*What you will do*:
All of the data is to be printed exactly, though the images must be left off.

*Data extract*:
☆ ☆ ☆ ☆
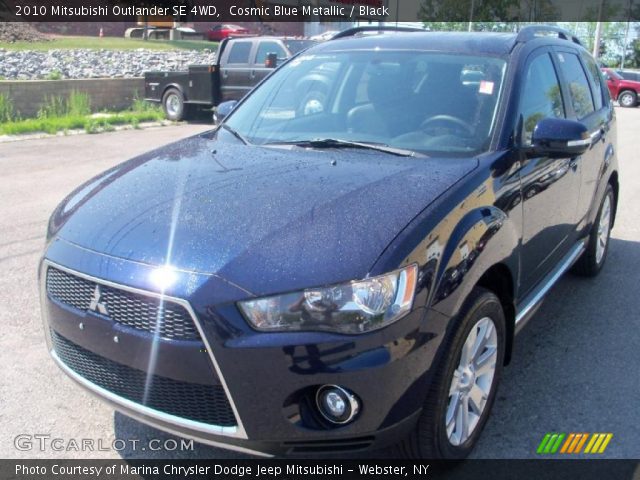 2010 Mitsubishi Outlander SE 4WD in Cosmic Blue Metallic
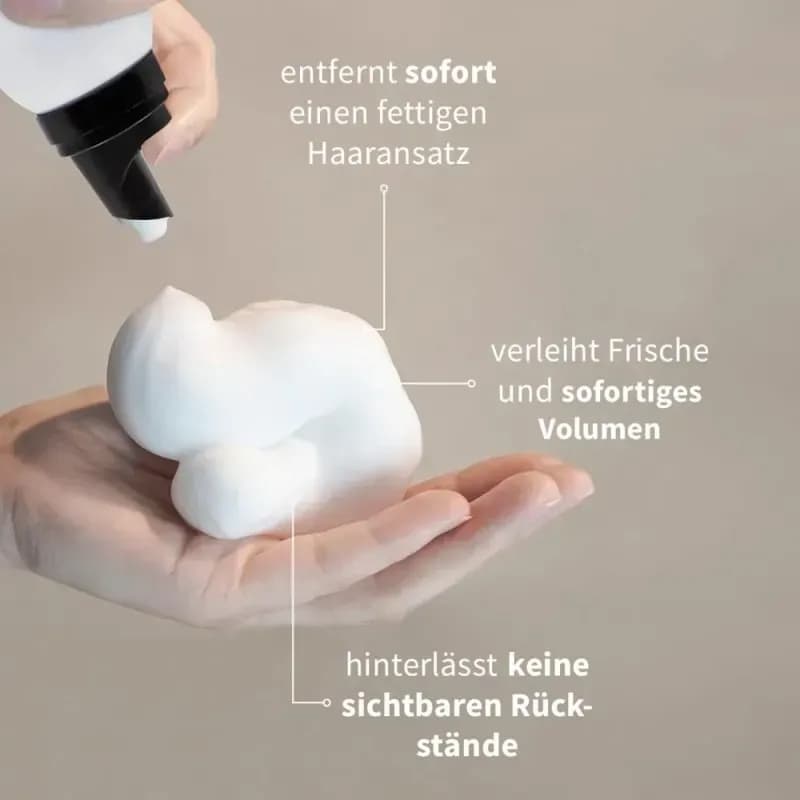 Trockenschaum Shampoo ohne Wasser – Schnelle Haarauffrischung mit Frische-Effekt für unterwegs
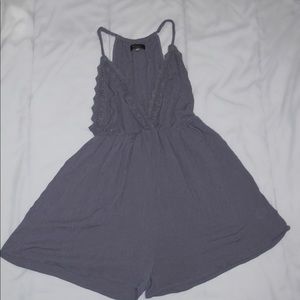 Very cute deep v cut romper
☆ ☆ ☆ ☆
*Reply to the task*:
 2010 Mitsubishi Outlander SE 4WD in Cosmic Blue Metallic
 Trockenschaum Shampoo ohne Wasser – Schnelle Haarauffrischung mit Frische-Effekt für unterwegs
 Very cute deep v cut romper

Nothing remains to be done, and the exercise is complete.